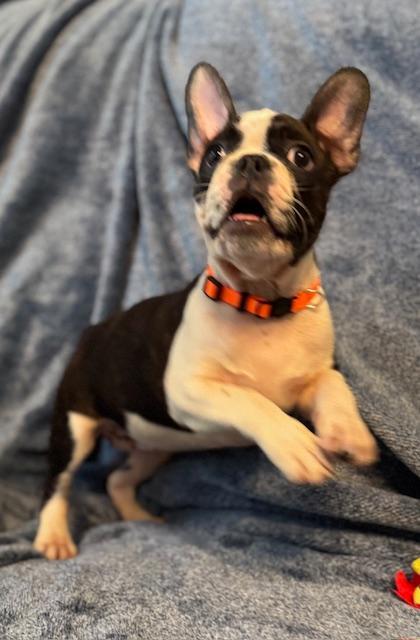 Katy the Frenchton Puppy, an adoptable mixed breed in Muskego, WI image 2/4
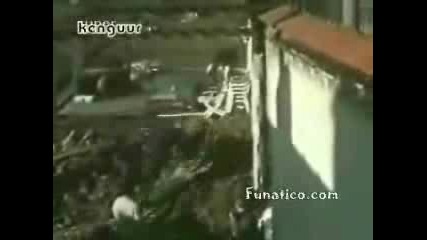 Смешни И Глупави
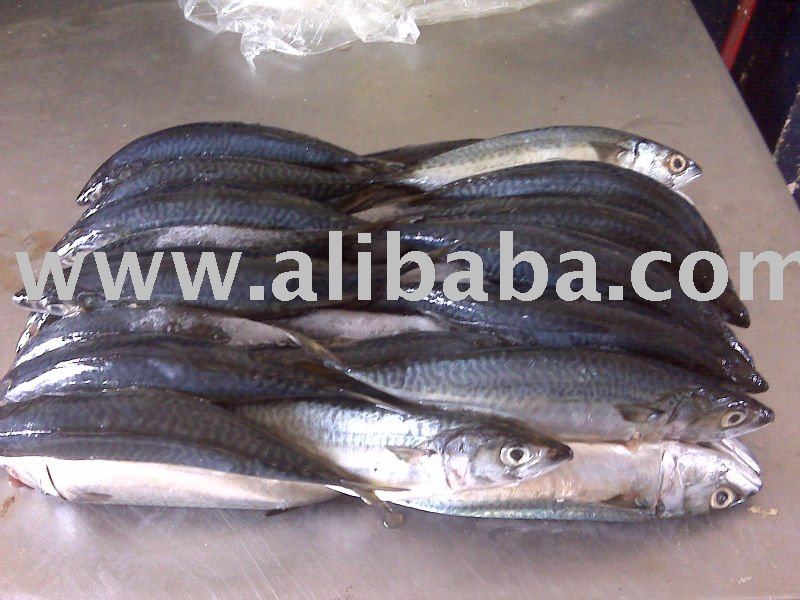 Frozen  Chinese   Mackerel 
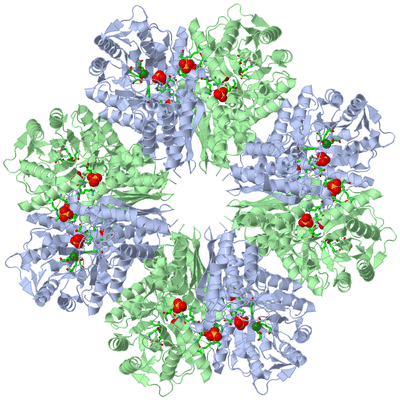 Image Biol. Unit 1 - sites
--
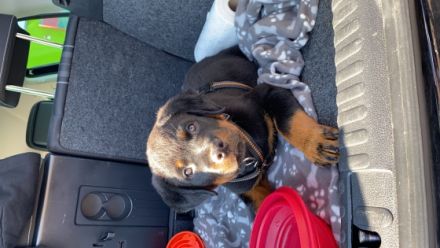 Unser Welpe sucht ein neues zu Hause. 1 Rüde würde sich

— REQUIREMENT —
Copy word for word only the lines above from the one with "Katy the Frenchton" through the one with "Image Biol. Unit 1 - sites". Leave pictures out.

— TASK SOLUTION —
 Katy the Frenchton Puppy, an adoptable mixed breed in Muskego, WI image 2/4
 Смешни И Глупави
 Frozen  Chinese   Mackerel 
 Image Biol. Unit 1 - sites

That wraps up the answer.